- [WHAT TO PRODUCE]:
Without copying any picture, transcribe exactly the lines of the data below from the one containing "MuchoWow Canvas Schilderij" through the one containing "Bán BIỆT THỰ SIÊU".

- [DATA RECORDS]:
§

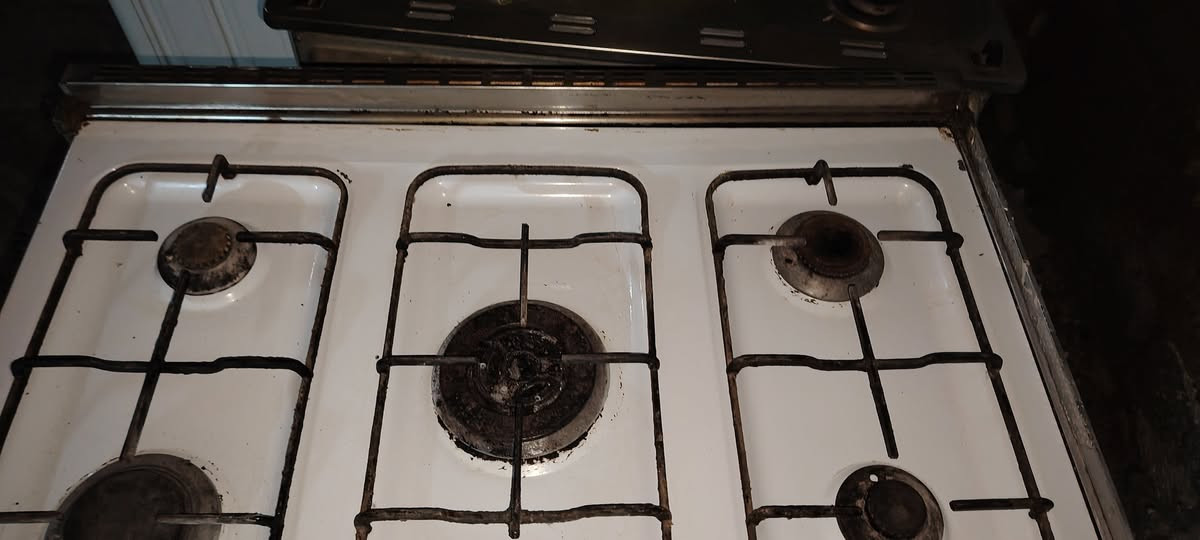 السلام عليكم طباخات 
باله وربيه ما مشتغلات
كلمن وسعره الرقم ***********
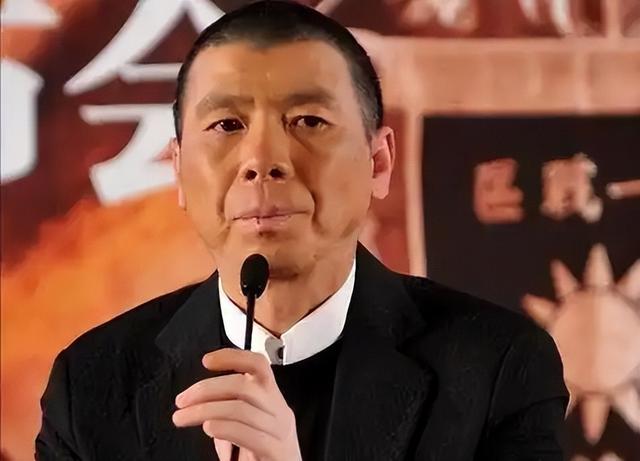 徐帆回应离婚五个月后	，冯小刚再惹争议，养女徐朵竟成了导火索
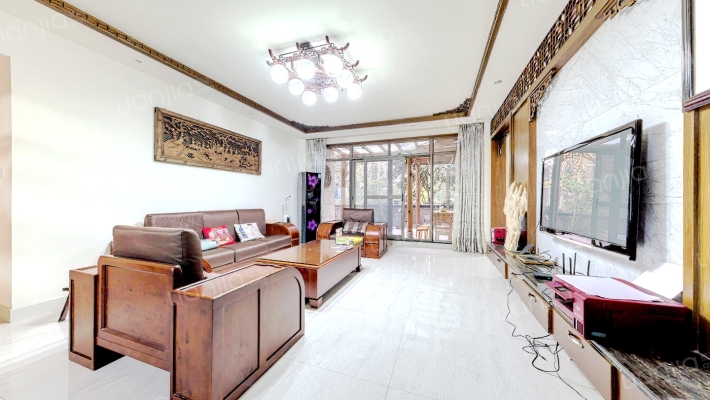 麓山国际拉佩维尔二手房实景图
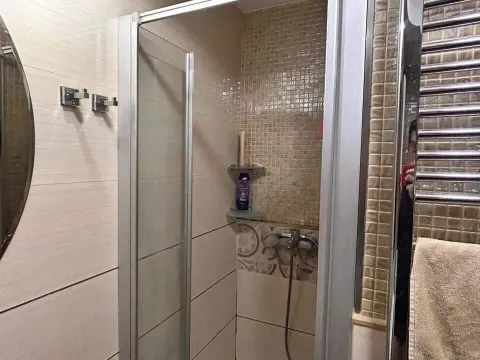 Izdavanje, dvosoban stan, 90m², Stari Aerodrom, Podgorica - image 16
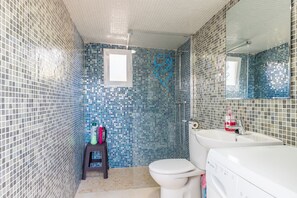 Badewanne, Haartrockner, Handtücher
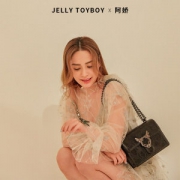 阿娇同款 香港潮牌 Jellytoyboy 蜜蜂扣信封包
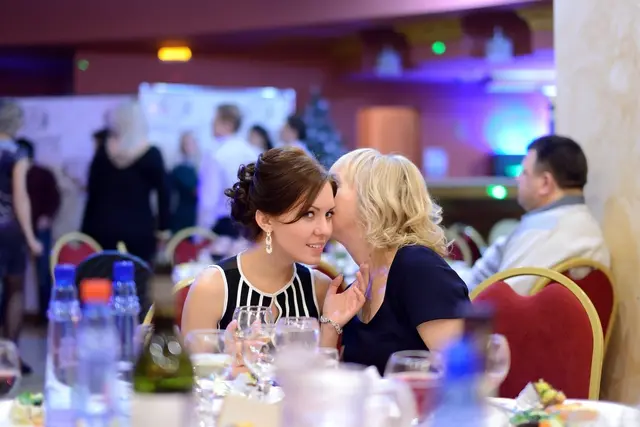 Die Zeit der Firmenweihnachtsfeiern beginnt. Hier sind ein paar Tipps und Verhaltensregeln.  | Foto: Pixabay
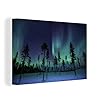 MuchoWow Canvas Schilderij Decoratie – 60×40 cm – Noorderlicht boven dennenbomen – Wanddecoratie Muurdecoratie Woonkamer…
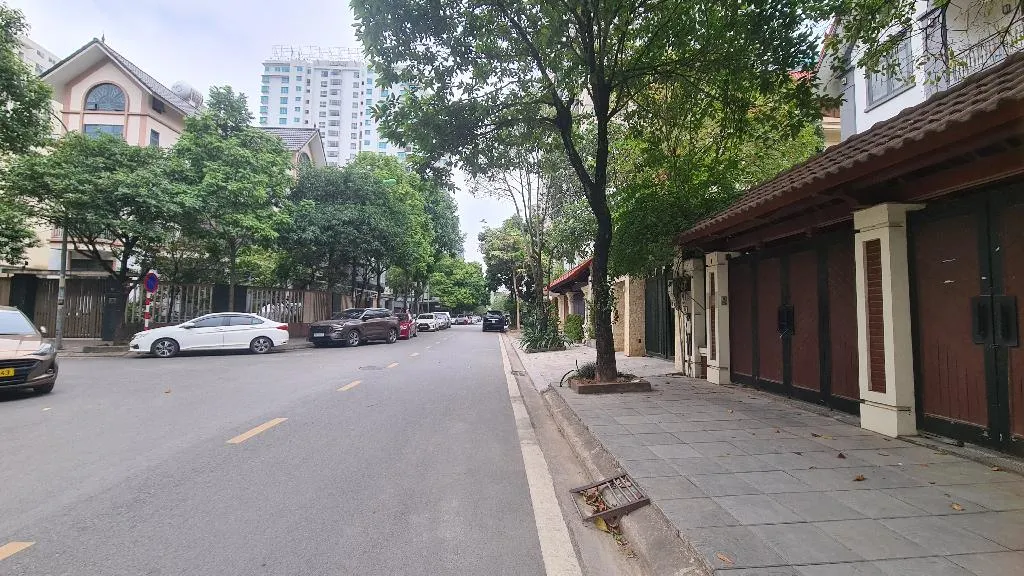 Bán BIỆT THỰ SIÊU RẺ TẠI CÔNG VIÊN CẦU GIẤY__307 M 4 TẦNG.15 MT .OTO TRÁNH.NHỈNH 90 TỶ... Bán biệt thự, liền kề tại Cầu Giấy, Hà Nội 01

§

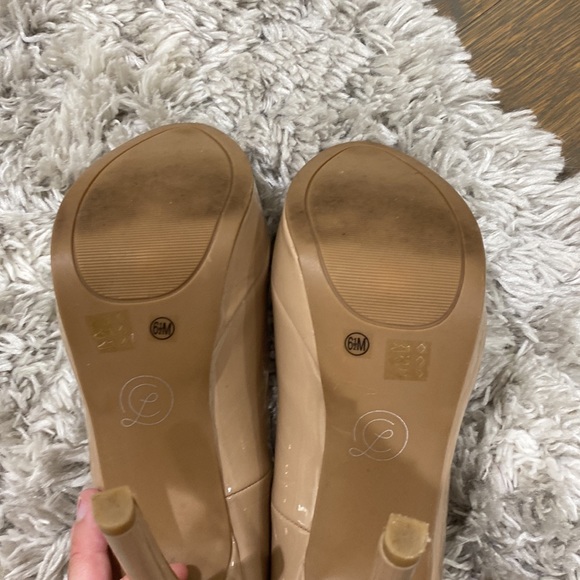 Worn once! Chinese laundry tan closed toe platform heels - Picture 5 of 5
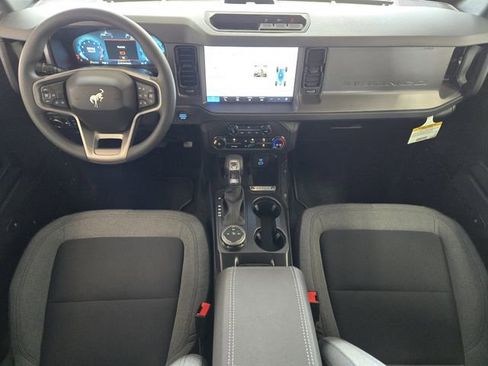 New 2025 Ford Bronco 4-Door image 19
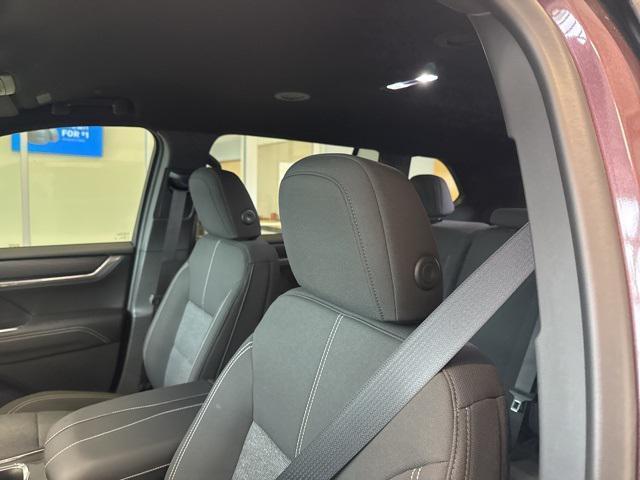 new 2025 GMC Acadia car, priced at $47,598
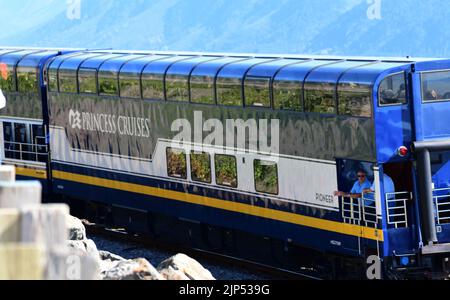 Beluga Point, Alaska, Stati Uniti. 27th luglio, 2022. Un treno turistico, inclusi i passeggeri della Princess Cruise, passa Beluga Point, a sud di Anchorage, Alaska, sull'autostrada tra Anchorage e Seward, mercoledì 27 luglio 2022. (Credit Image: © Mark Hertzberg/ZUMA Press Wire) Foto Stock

§

- [REPLY TO THE TASK]:
 MuchoWow Canvas Schilderij Decoratie – 60×40 cm – Noorderlicht boven dennenbomen – Wanddecoratie Muurdecoratie Woonkamer…
 Bán BIỆT THỰ SIÊU RẺ TẠI CÔNG VIÊN CẦU GIẤY__307 M 4 TẦNG.15 MT .OTO TRÁNH.NHỈNH 90 TỶ... Bán biệt thự, liền kề tại Cầu Giấy, Hà Nội 01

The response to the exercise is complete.